Road closure protest at Lackey Bridge. Source: UTV news footage, 4 Sept 1994
Road closure protest at Lackey Bridge. Source: UTV news footage, 4 Sept 1994

Though the creation of the customs system has significant effects of local and regional networks of social life, commerce and business and people’s travel for shopping, work and leisure, the nature of the border and its effects changed in the early 1970s when much greater restrictions on movement across it were put in place. Before the early 1970s most border roads remained passable even if they were not ‘approved’ for the transport of cars or goods. Some roads had been ‘spiked’ by the RUC to prevent their use by car during the IRA border campaign of the mid 1950s to early 1960s but most remained unaltered.

As the Troubles escalated in the early 1970s the border became subject to a systematic attempt to make it impossible to cross it by road except at approved routes where army and police checkpoints were installed near the border in Northern Ireland. All roads, including remote country lanes, other than the approved routes were made impassable by the British army and security forces. Craters were dug in the roads. Large concrete blocks were put in place. Bridges were blown up where they crossed over a stream or river that marked the border. This was an effort to restrict the movement of paramilitaries into Northern Ireland from the border counties of the south and to prevent the easy escape of paramilitaries across the border into Ireland.

For many local people who were aware of the many ways in which the border could be crossed on foot across fields or open country, this attempt to seal the border was a pointless strategy whose main effect was to dramatically restrict the movement of ordinary people. For others, both in Ireland and Northern Ireland, this militarization was a reassuring response to republican violence.

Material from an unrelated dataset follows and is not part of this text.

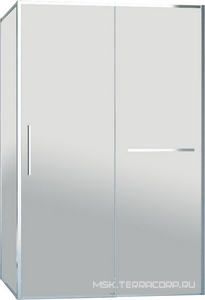 Душевой уголок 1200х800хh2000мм, прямоуг., правый/левый, (стекло прозрачное 6мм Easy Clean, фурн.цв.хром),  ZZ Vincea Slim Soft VSR-1SS8012CL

Some of those feeling most vulnerable to attack by republican paramilitaries – Protestants living in predominately Catholic areas of the borderlands in Northern Ireland – knew that the road closures could not prevent movement across the border, but felt that road closures did afford a degree of security and reassurance from attacks and the easy escape of their perpetrators across the border into Ireland.

Irish Gardai border checkpoint. Source: UTV news footage, 19 August 1986.
Irish Gardai border checkpoint. Source: UTV news footage, 19 August 1986.

Others felt as frustrated by the road closures as their Catholic neighbours but unable to express this frustration since it would been seen as disloyal to the wider Unionist population of Northern Ireland for whom the border was seen as vital to the existence and security of Northern Ireland.

Travel across the border during the Troubles was profoundly affected by road closures and British army check points at which people were stopped, questioned about their journey and had their vehicles searched. Road closures meant much longer journeys for many people and army checkpoints led to often long and unpredictable delays. The anxiety, frustration and sometimes anger experienced in encountering heavily armed soldiers at checkpoints, and fear of being caught up in an attack on an army checkpoint or patrols or of being ambushed by an IRA unit were for many people part of the experience of crossing the border during the Troubles.